From the moment that our alarm rings in the morning, we’re already not enough. We didn’t get enough sleep. We don’t have enough time to complete everything on our to-do list. We didn’t get enough likes on our Instagram post. Not enough, not enough. never enough.
My brother and I grew up in a family that valued hard work, grades, high achievement and honesty. They provided everything for us. We knew they loved us even though they never uttered those three words: I love you. My parents expected big things from us; after all, they didn’t uproot their lives and move to a foreign country for no reason. An A grade received a “good job” and a B got “why is this not an A?” Going to college was not an option, it was the rule. I learned that I was only enough when I was achieving; my worth was directly proportional to the amount of hard work that I was doing.
I worked hard in school. Got good grades. Went to college, got my bachelors and then my masters. Got a great job, moved to management level. Kept achieving but kept feeling not good enough. I was sure that when I made over 50K a year, I would be enough. Then when I made over 70K a year I would feel enough. Then over 100K. All of those things happened yet I never felt enough.

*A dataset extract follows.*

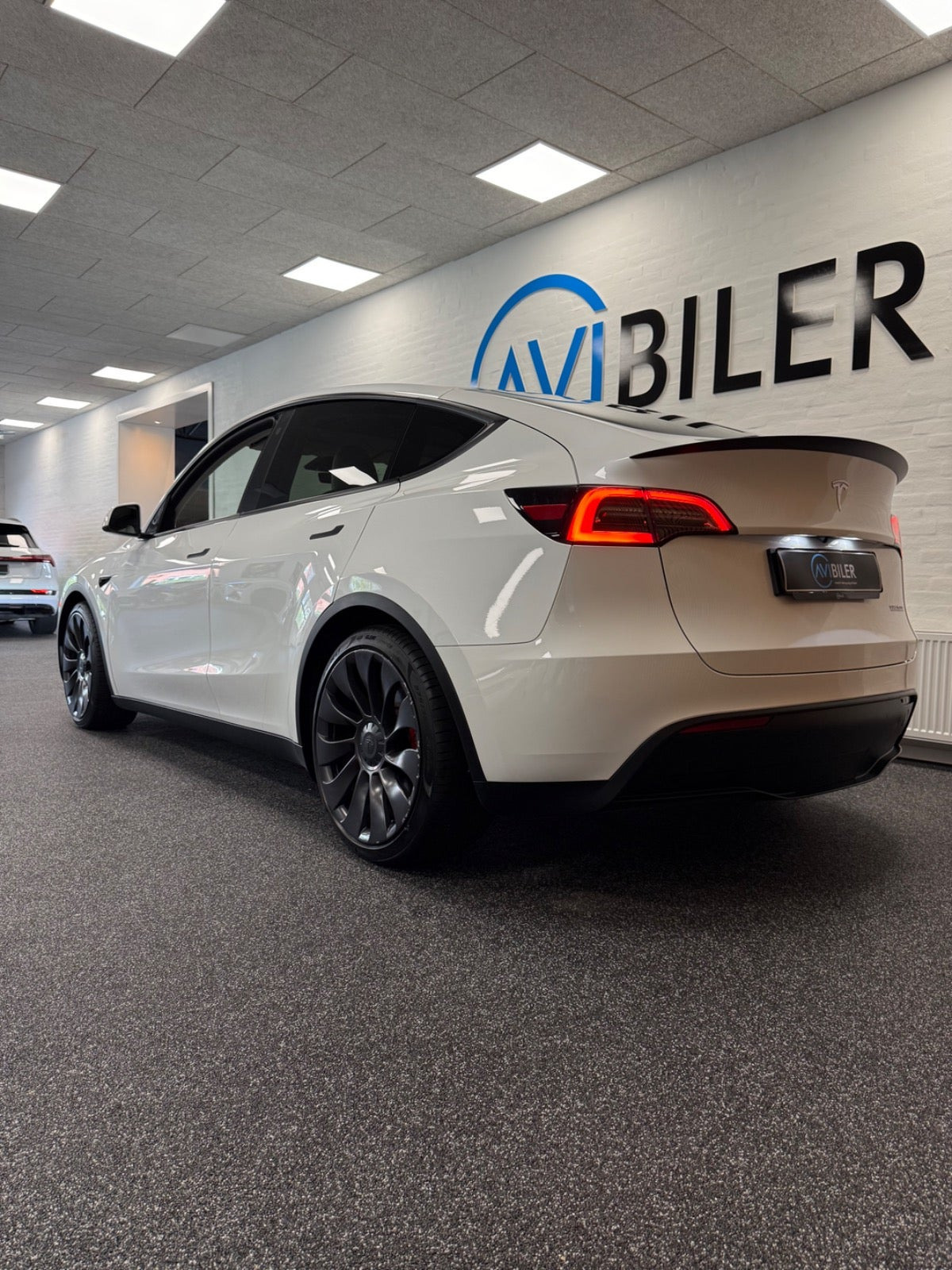 Hvid Tesla Model Y fra 2023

As soon as I turned 15, I got my first boyfriend. I knew I would feel complete if I had someone that said “I love you” to me. I’m ashamed to admit that I jumped from one boyfriend to another, without a break, until I was 26. I was always looking for my worth, always knowing for sure the next relationship would make me feel whole. It’s a miracle that I never got myself into serious trouble or found myself in dangerous relationships. Finally, at age 31, I got married. I knew I was totally enough then.
Then it happened. My husband asked me for a divorce. There I was, thinking my life was set, I was finally married, I had a home, a great career and I was finally enough. The divorce came out of nowhere, something we never discussed and something that never crossed my mind. But a strange thing happened. At the exact moment that he uttered those seven letters, this feeling of knowing my worth washed over me. There it was, a clear message from the universe. Nothing outside of me will ever make me enough. I knew this was the lesson that I never learned.

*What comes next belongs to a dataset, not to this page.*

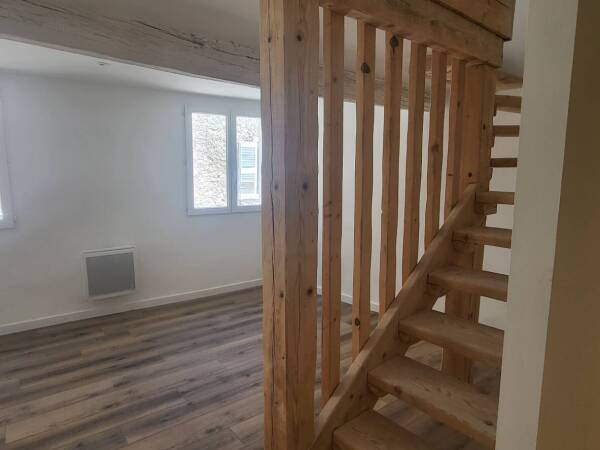 Appartement en duplex entièrement rénové en 2025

I vowed to never look for anything outside of me to make me whole ever again. I knew I already had everything within me to be enough. Now, I just had to believe it.
“I love and approve of myself exactly as I am.” Those ten little words changed my life.

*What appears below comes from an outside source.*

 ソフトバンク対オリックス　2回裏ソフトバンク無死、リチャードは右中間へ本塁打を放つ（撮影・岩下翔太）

I wrote it out and taped it on every mirror in the house. I taped it over the radio screen in my car. It was the last thing I said to myself before I went to bed and the first thing I said out loud when my alarm rang. I repeated it every single time thoughts of calling him and asking him to come back washed over me. I saved it as my background on the screen of my phone. Surprisingly, it worked. It felt fake at first. I totally didn’t believe it. But I trusted the processes. I said it anyway.
And it worked. One day, I woke up and I felt like a different person. It seemed to have happened overnight. Only it hadn’t. It had been my whole life in the making.